- **ACTION ITEM**: Could you transcribe exactly the lines below, from the line with "握鼠标的手背景图片_计算机鼠标连接到轮式纸板箱 3d 渲染" through the line with "Shop 3.1 Phillip", and nothing else, leaving out the pictures?

- **GIVEN RECORDS**:
____
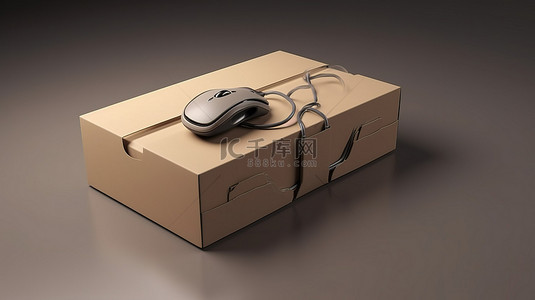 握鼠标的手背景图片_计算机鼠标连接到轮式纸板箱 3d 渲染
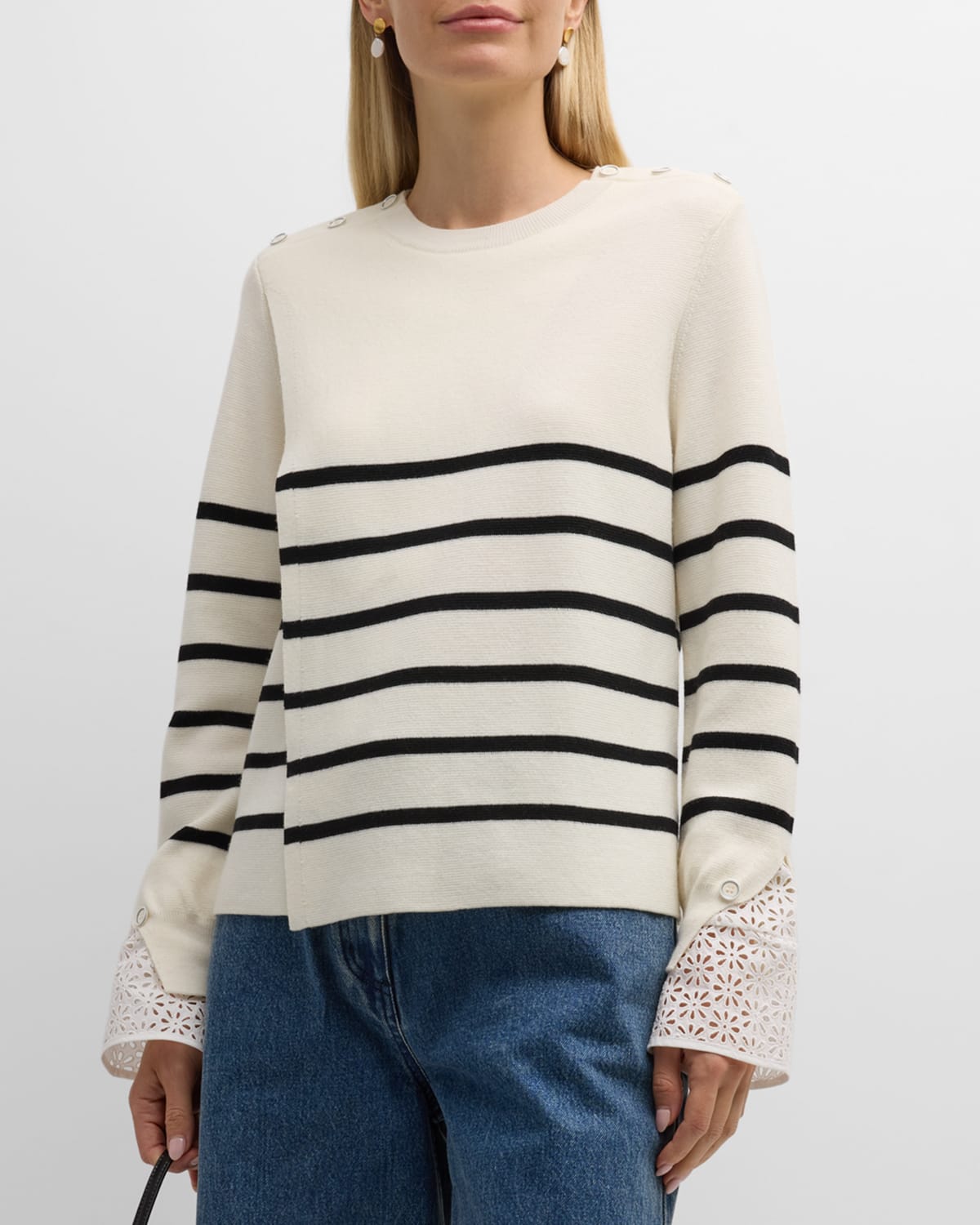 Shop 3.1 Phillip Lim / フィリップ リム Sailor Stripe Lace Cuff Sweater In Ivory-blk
____
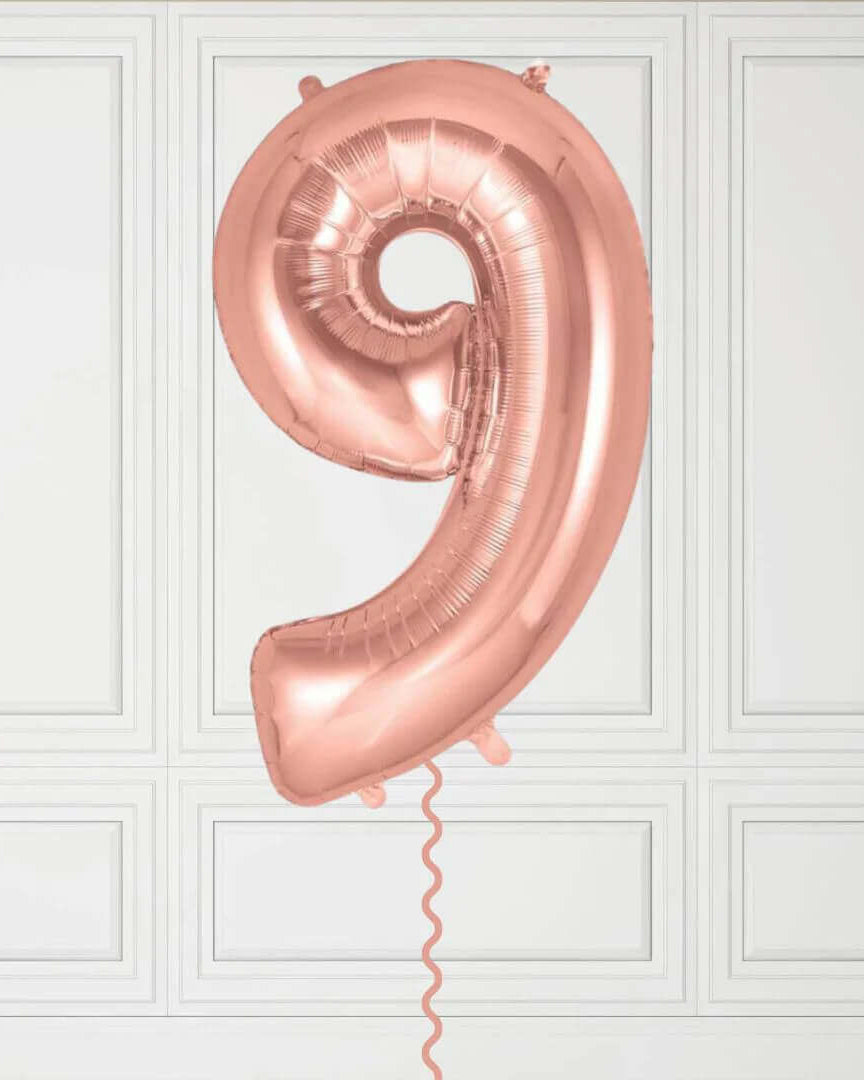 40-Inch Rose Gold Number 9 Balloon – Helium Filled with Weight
____
- **TASK RESULT**:
 握鼠标的手背景图片_计算机鼠标连接到轮式纸板箱 3d 渲染
 Shop 3.1 Phillip Lim / フィリップ リム Sailor Stripe Lace Cuff Sweater In Ivory-blk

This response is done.